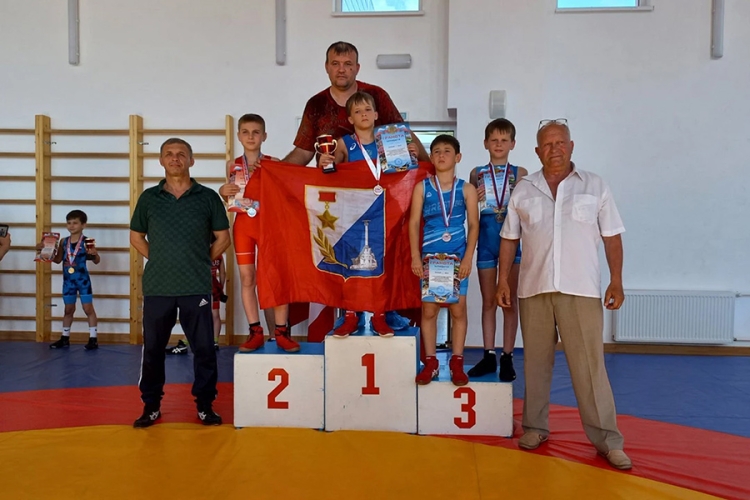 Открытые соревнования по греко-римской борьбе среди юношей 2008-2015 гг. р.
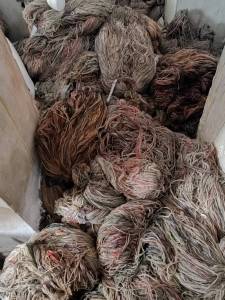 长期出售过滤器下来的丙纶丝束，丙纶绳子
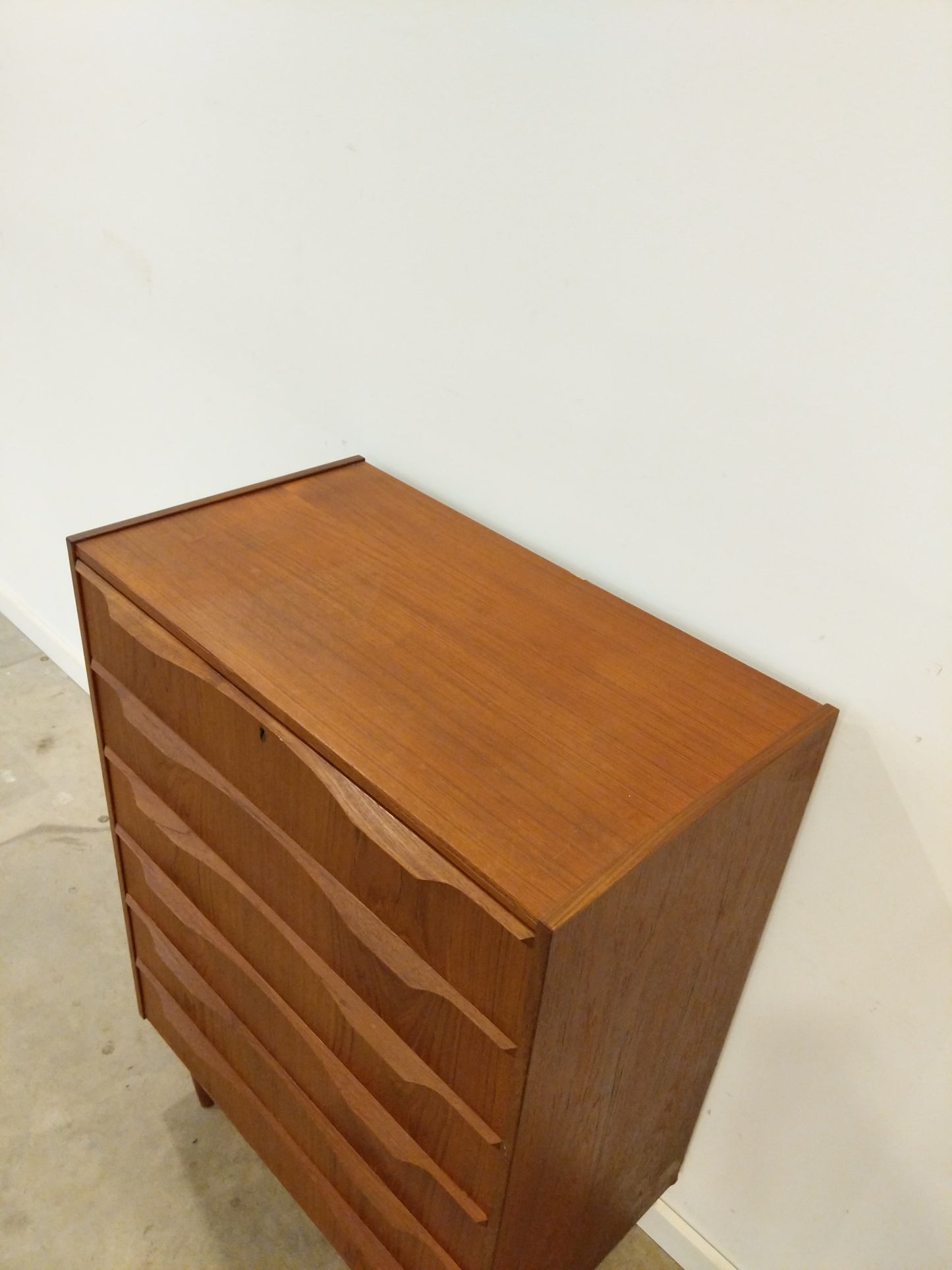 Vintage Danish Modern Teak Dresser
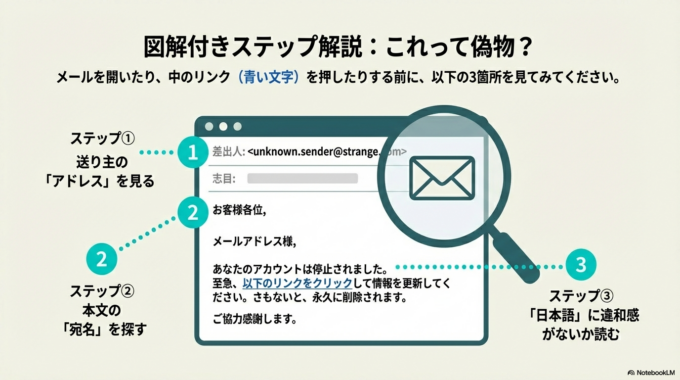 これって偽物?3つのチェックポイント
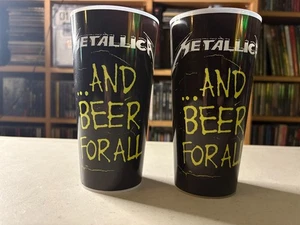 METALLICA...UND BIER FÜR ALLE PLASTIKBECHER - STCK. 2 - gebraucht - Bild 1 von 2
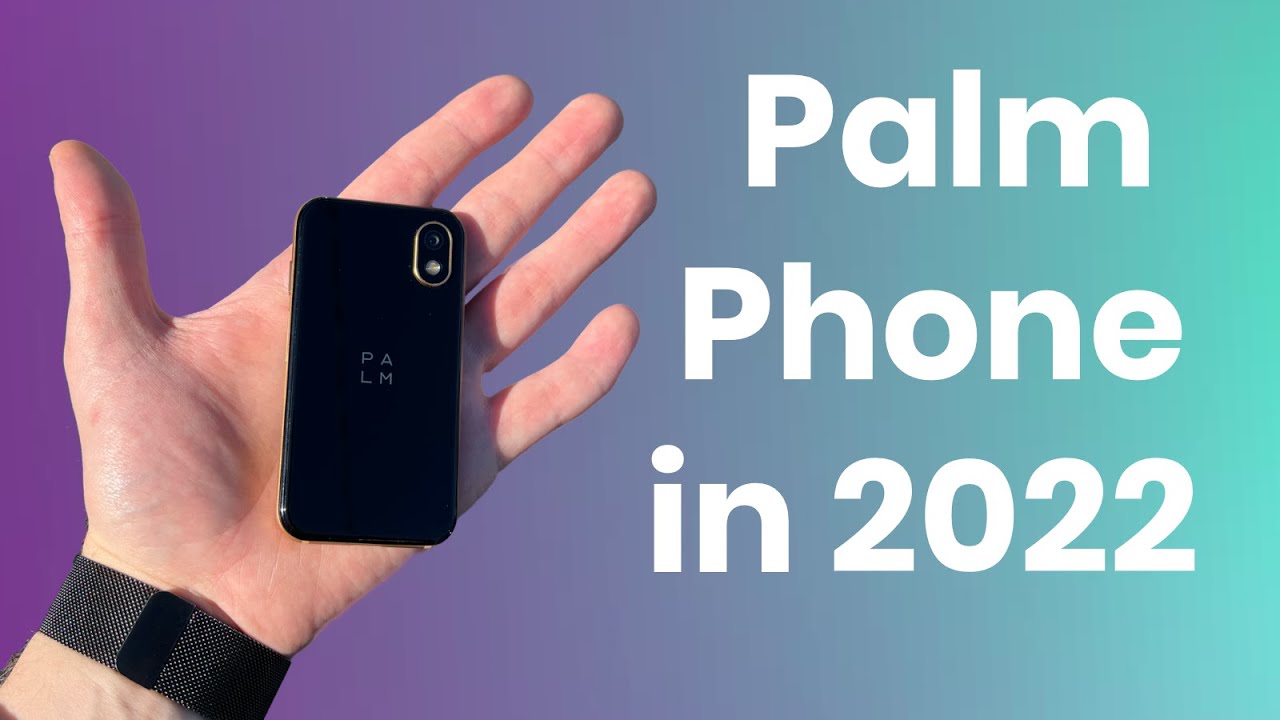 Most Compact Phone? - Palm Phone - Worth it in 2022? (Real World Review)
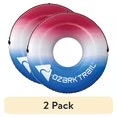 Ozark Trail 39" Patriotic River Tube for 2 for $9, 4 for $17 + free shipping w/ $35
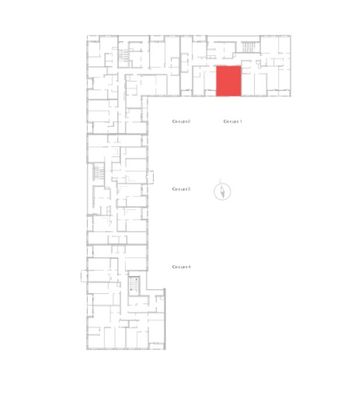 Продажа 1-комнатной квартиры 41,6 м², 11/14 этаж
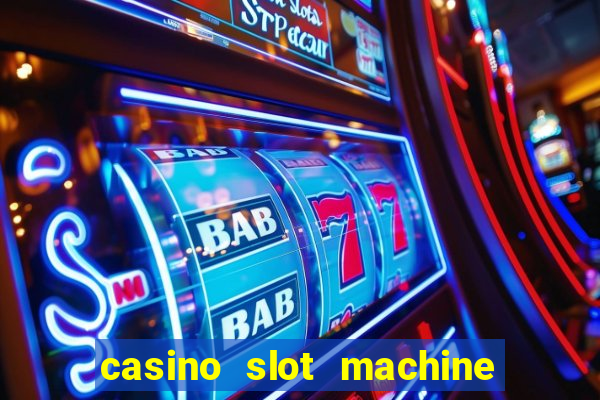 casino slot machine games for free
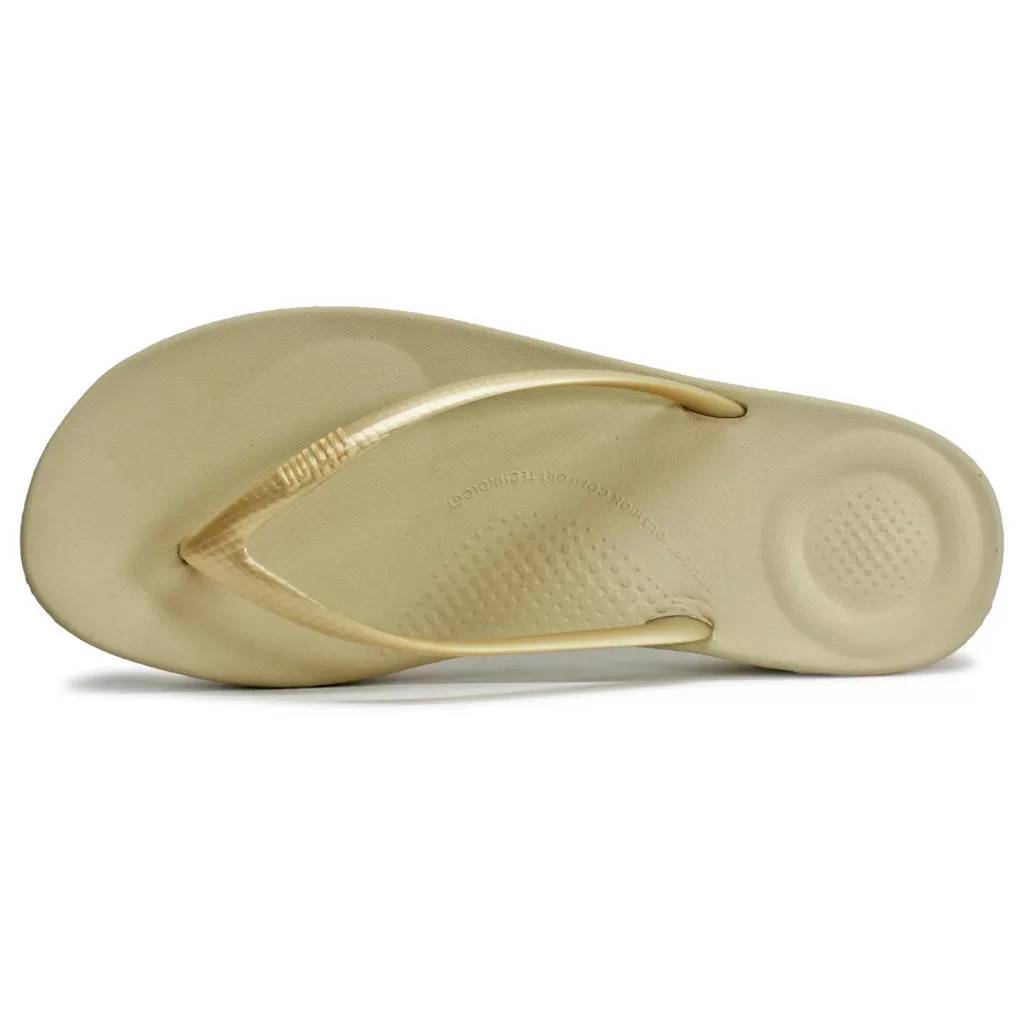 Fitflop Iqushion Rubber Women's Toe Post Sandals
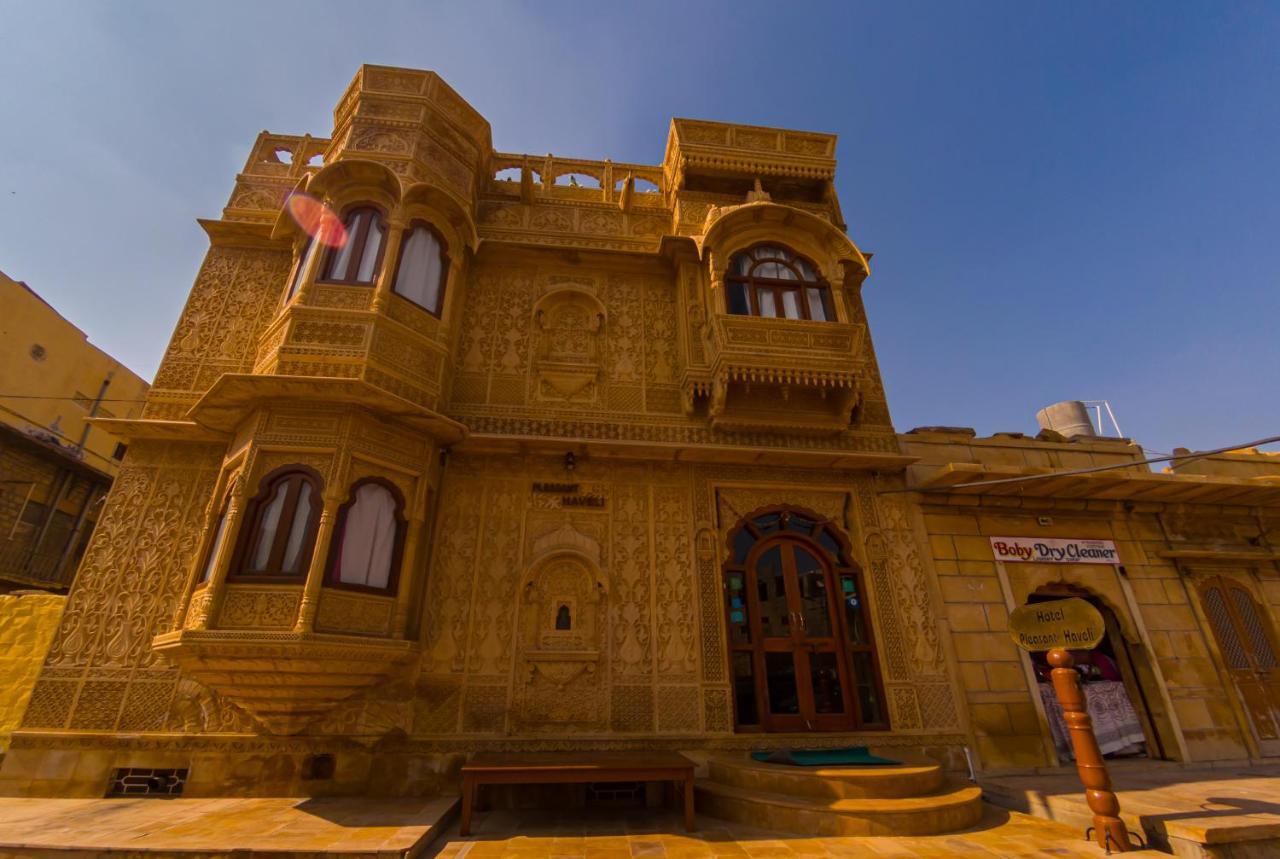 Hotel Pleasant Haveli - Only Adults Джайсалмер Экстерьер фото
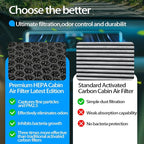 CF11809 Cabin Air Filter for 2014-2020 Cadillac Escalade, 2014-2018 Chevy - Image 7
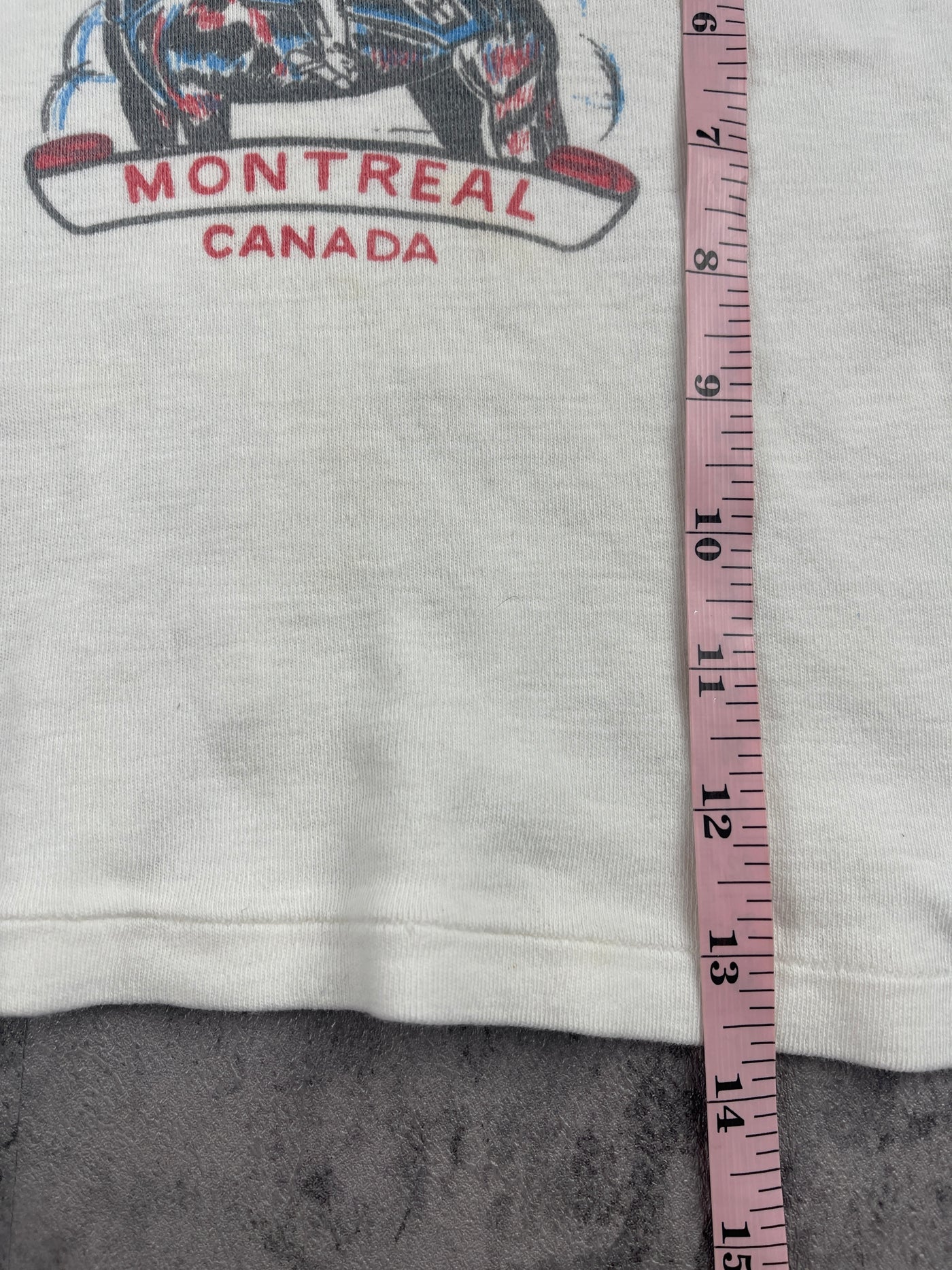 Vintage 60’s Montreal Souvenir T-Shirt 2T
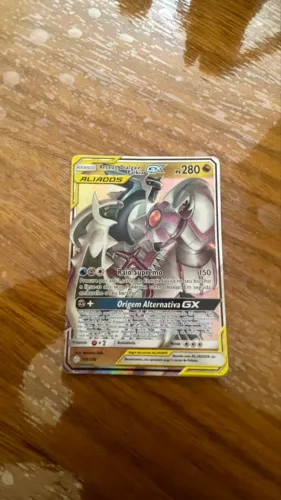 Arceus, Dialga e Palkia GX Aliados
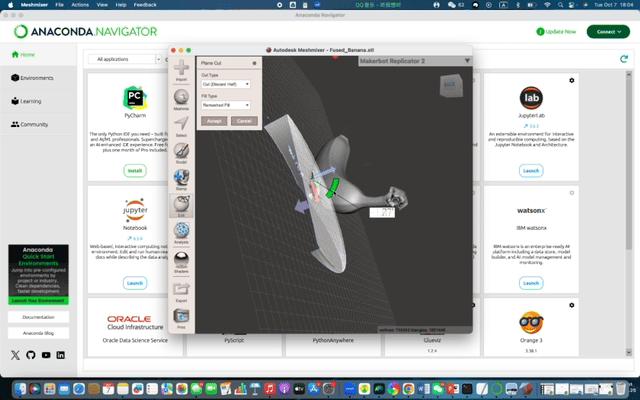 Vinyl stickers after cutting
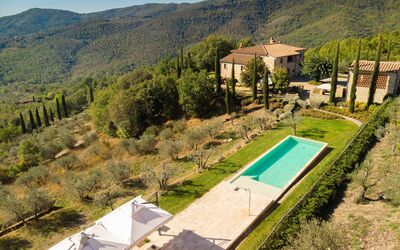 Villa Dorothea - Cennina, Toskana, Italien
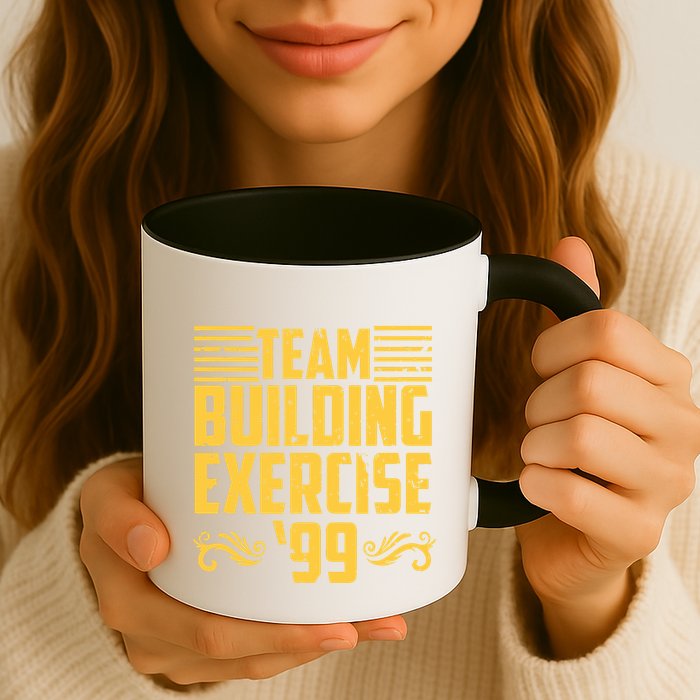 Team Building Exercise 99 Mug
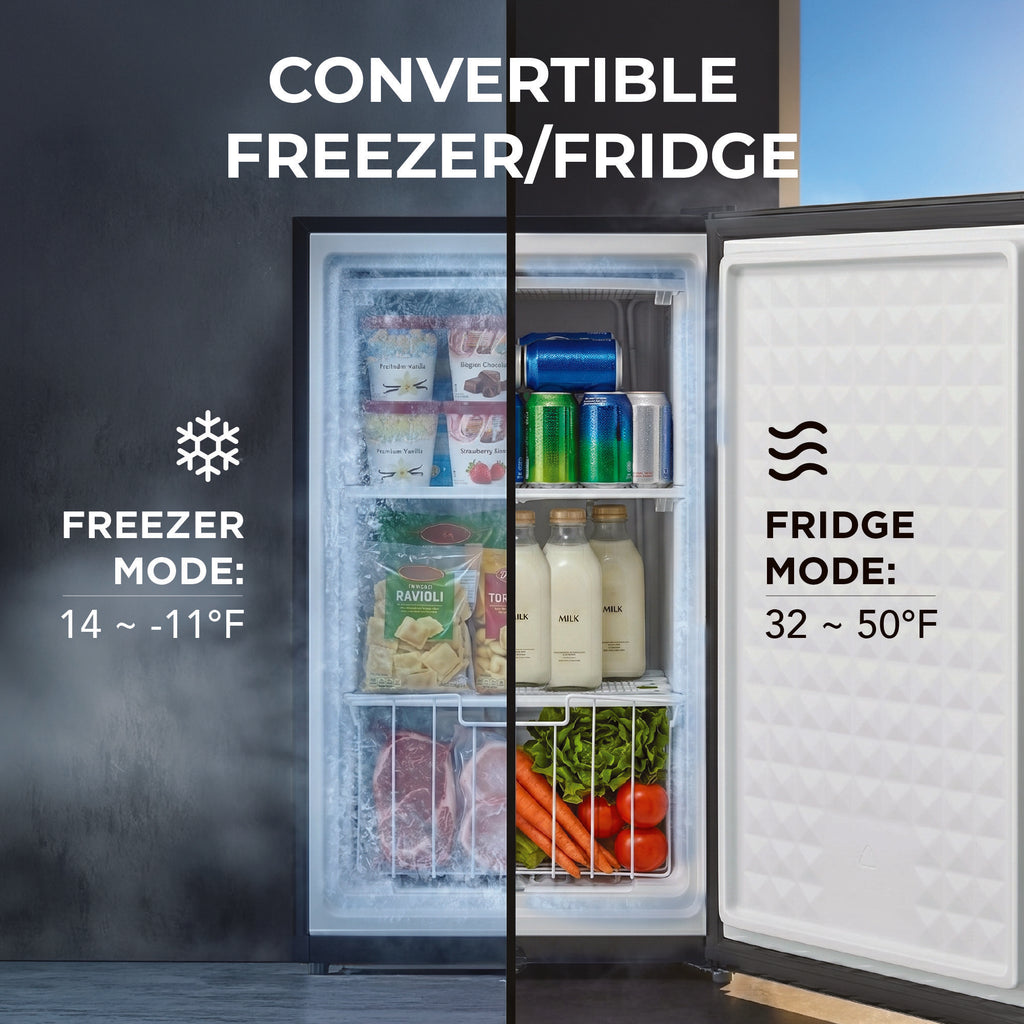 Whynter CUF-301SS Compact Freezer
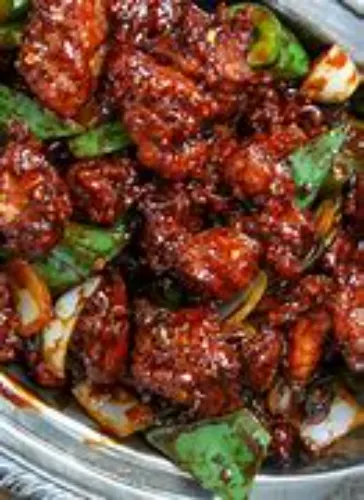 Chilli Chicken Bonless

•••

> ABOUT THIS EXERCISE:
Using the material above, transcribe exactly the lines from the one holding "Hotel Pleasant Haveli" to the one holding "Villa Dorothea - Cennina, Toskana, Italien", both ends kept. Do not carry over any pictures.

> REPLY:
 Hotel Pleasant Haveli - Only Adults Джайсалмер Экстерьер фото
 CF11809 Cabin Air Filter for 2014-2020 Cadillac Escalade, 2014-2018 Chevy - Image 7
 Vintage 60’s Montreal Souvenir T-Shirt 2T
 Arceus, Dialga e Palkia GX Aliados
 Vinyl stickers after cutting
 Villa Dorothea - Cennina, Toskana, Italien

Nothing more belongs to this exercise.